What is wityh some guys and AVX2??
There doesn't exist a cpu with AVX2 support.
There doesn't exist 1 program that supports AVX2
There doesn't exist compilers that support AVX2
AVX2 brings GPU technology into the CPU cores. It offers the same computing power, without the overhead or limitations. So there's plenty of reason to get excited over AVX2.
And yes, no CPU supports it yet. But neither does any APU today support a unified address space and context switches. That's only
planned to be complete by 2014. So AVX2 will get there sooner.
GCC 4.7 supports AVX2, LLVM 3.1 supports AVX2 and Visual Studio 2012 supports AVX2. So compilers are well ahead of schedule too.
Also, AVX2 is a part of the chain that will be supported by Intel and AMD... so why this is used to draw a rift between intel and AMD is plain stupid, not even mentionning the fact it doesn't exist yet.
Because AMD has yet to announce that they'll support AVX2. It's inevitable that they will, but they'd rather have people use HSA instead. In other words they're betting the farm on other technology. Looking at what can already be achieved with AVX, and all the phenomenal things added by AVX2, that's really going to turn out to be a big mistake on AMD's part.
Just like NVIDIA realized, they should back away from making compromises to graphics performance for the sake of GPGPU. General purpose computing is what the CPU is for, and AVX2 adds a lot more oomph to it. Heterogeneous computing doesn't scale, due to the round-trip latency and bandwidth bottleneck. So the GPU should concentrate on pure graphics only, which is a one-way process.
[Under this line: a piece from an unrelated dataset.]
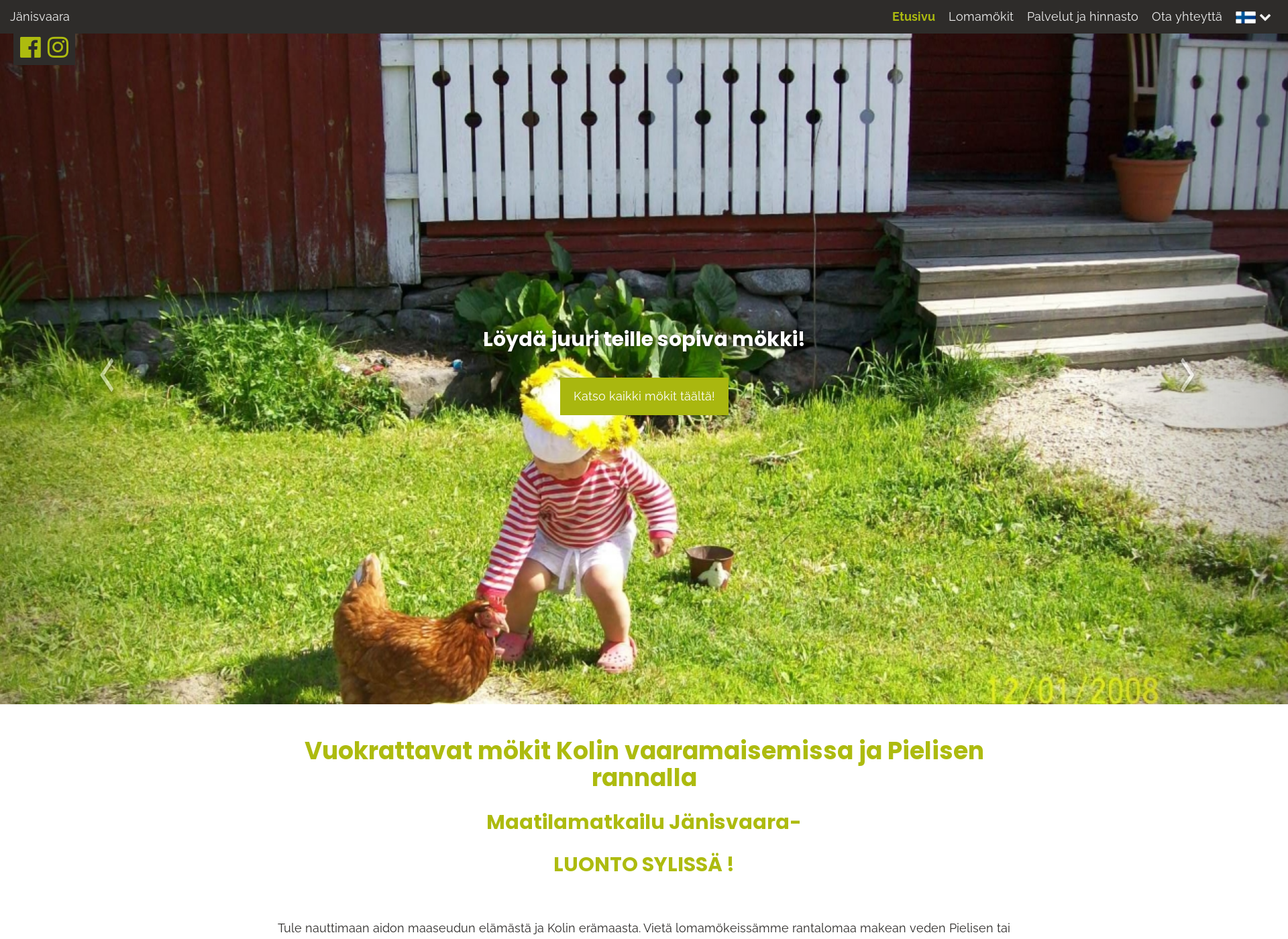 Skärmdump för maatilamatkailu.fi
openCL vs AVXi is also a meaningless discussion... AVX2 is an instructionset
It's not really OpenCL versus AVX2. It's homogeneous versus heterogeneous general purpose throughput computing. OpenCL is just one way to get code auto-vectorized. But AVX2 supports many more programming languages and frameworks. So it's not a question of one or the other. Indeed as you indicate, one is hardware and the other is software. That said, OpenCL may not survive long after homogeneous computing proves to be superior, since it will have to compete against other languages which have fewer restrictions.
AVX2 can be used by any language as-is. All you need is loops with independent iterations to auto-vectorize them. AVX2's gather support is critical in enabling that. And it means developers can use languages they already know and love, instead of trying to shoehorn things into the OpenCL framework and losing performance on heterogeneous architectures.
People who believe AVX2 will outspace gpu in raw power... are idiots.... AVX2 is an instruction set... Its completely disconnected by the speed of the hardware below it...
Sure, it depends on the underlying hardware whether it's a high performance implementation or not. But that's equally true for GPUs!
Haswell's implementation of AVX2 will have three 256-bit execution units per core. Two of these will be capable of FMA operations, resulting in a peak performance of 500 GFLOPS for a quad-core. On a performance/area metric that's actually quite close to any GPU. And you don't lose any of the existing CPU qualities like far superior sequential speed, large cache space per thread, branch prediction to prevent stalls, etc.
Last but not least, AVX2 is not the end of the road. The encoding format supports extending it up to 1024-bit registers. This can be used to lower the power consumption of the CPU's front-end and out-of-order execution, by executing AVX-1024 instructions in four cycles (i.e. same ALU throughput for four times less power consumption in the rest of the pipeline). This would effectively make the CPU behave much more like a GPU in terms of power consumption. So heterogeneous computing won't have any benefits left.